Does the description disclose side effects, auth requirements, rate limits, or destructive behavior?

Annotations indicate readOnlyHint=false (mutation operation), which the description confirms with 'Assign'. The description adds useful behavioral context about the API endpoint format and the empty 204 response, but doesn't mention authentication requirements, rate limits, or error conditions beyond success indication.

Agents need to know what a tool does to the world before calling it. Descriptions should go beyond structured annotations to explain consequences.

Conciseness5/5

Is the description appropriately sized, front-loaded, and free of redundancy?

The description is efficiently structured with purpose statement, effect explanation, API endpoint reference, parameter details, return value, and documentation link. Every sentence serves a distinct purpose with zero redundant information.

Shorter descriptions cost fewer tokens and are easier for agents to parse. Every sentence should earn its place.

Completeness4/5

Given the tool's complexity, does the description cover enough for an agent to succeed on first attempt?

For a mutation tool with 2 parameters and no output schema, the description provides comprehensive information about what the tool does, parameter formats, and expected response. The main gap is lack of error handling information or prerequisites, but the documentation link partially compensates.

Complex tools with many parameters or behaviors need more documentation. Simple tools need less. This dimension scales expectations accordingly.

Parameters4/5

Does the description clarify parameter syntax, constraints, interactions, or defaults beyond what the schema provides?
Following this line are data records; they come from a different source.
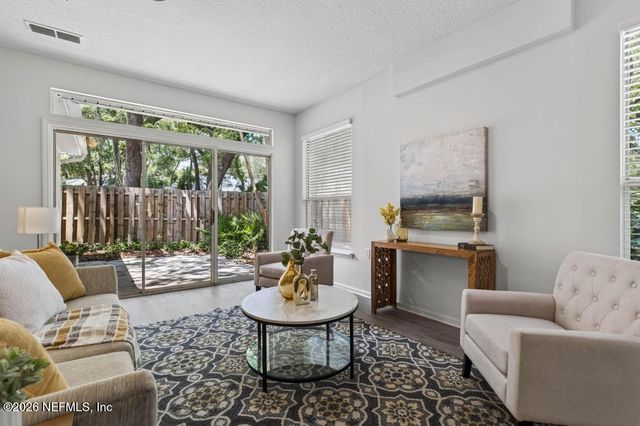 2019 VILLAGE Lane, Fernandina Beach, FL 32034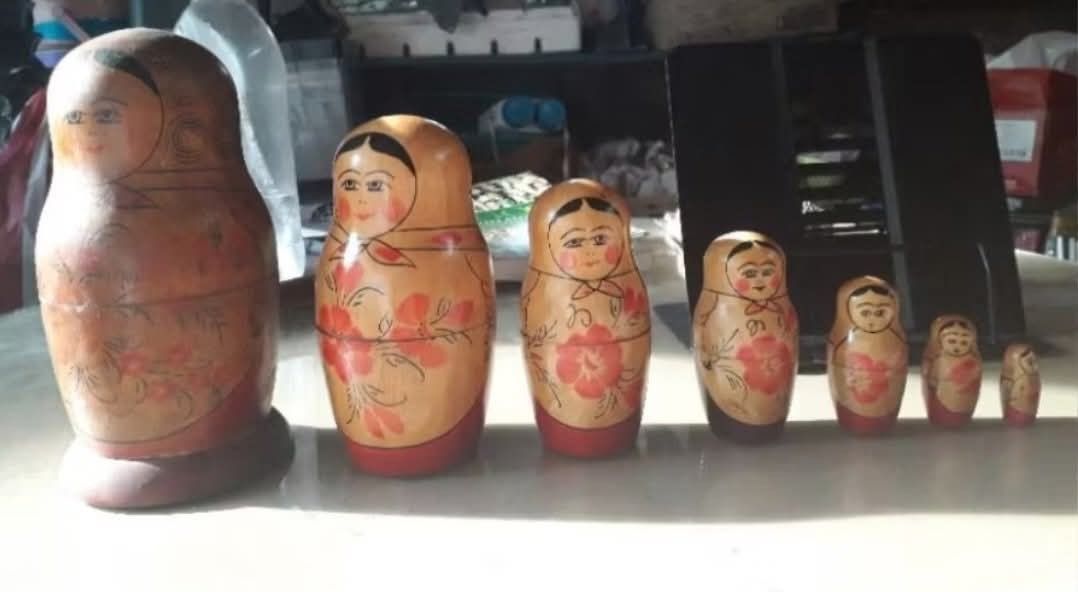 Authentic Matryoshka Russian nesting dolls set of 7 (Category: Vintage Collectibles) located in Manila. Submitted by james.gonzales (Listing ID 1469869852, Image 1). Description: - Set of 7 traditional Russian nesting dolls - Largest doll features a distinct wooden pedestal base - Sizes graduate from large down to a tiny miniature - Classic folk art display piece - Normal vintage wear from display and handling 09658416046 - James.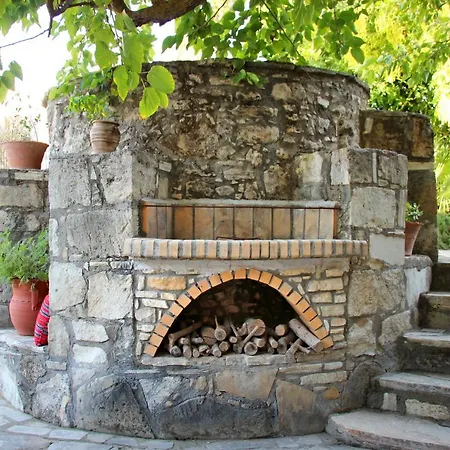 Lithos Kamilari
With 0% schema description coverage, the description fully compensates by providing clear parameter explanations: varset_id format ('varset-xxxxxxxx') and project_ids format (array of 'prj-xxxxxxxx'). This adds significant value beyond the bare schema, though it doesn't explain where to obtain these IDs.
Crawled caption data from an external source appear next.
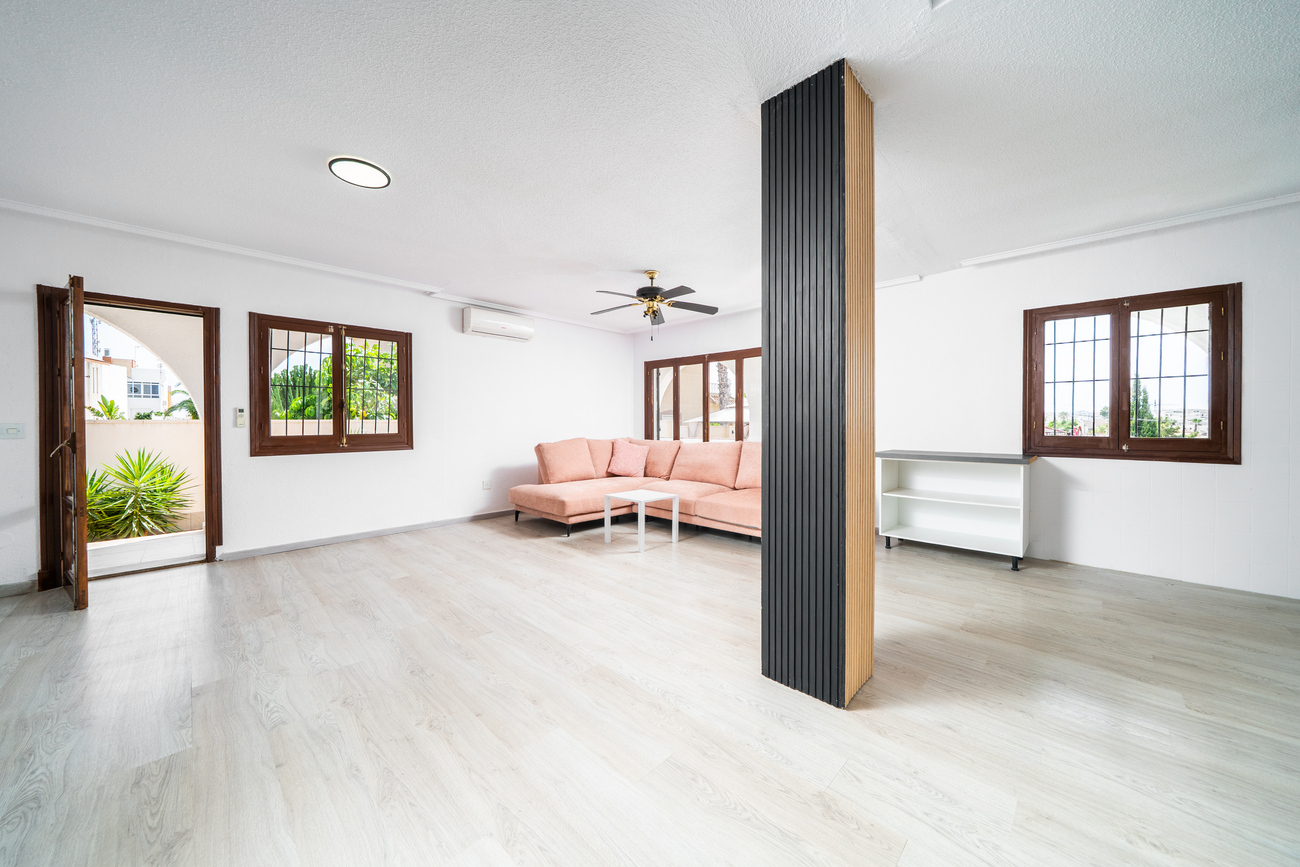 Vrijstaande villa te koop in Torrevieja
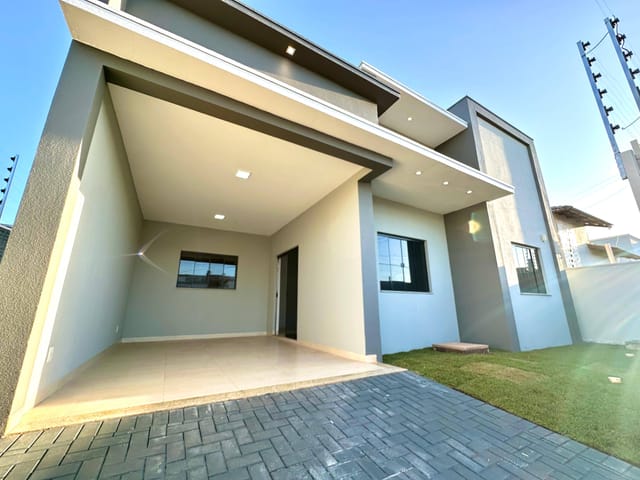 Casa com 313m² 3 quartos e 2 banheiros, à venda, no bairro Cidade Nova em Nova Mutum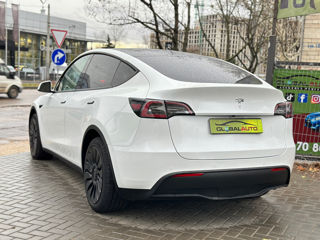 Tesla Model Y foto 6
Input schemas describe structure but not intent. Descriptions should explain non-obvious parameter relationships and valid value ranges.

Purpose5/5

Does the description clearly state what the tool does and how it differs from similar tools?

The description clearly states the specific action ('Assign a variable set to one or more projects') and the resource involved ('variable set', 'projects'). It distinguishes from sibling tools like 'assign_variable_set_to_workspaces' by specifying the target resource type (projects vs workspaces).

Agents choose between tools based on descriptions. A clear purpose with a specific verb and resource helps agents select the right tool.

Usage Guidelines4/5

Does the description explain when to use this tool, when not to, or what alternatives exist?

The description provides clear context about when to use this tool ('Makes the variables in a variable set available to all workspaces within the specified projects'), but doesn't explicitly mention when NOT to use it or name specific alternatives like 'assign_variable_set_to_workspaces' for workspace-level assignments.

Agents often have multiple tools that could apply. Explicit usage guidance like "use X instead of Y when Z" prevents misuse.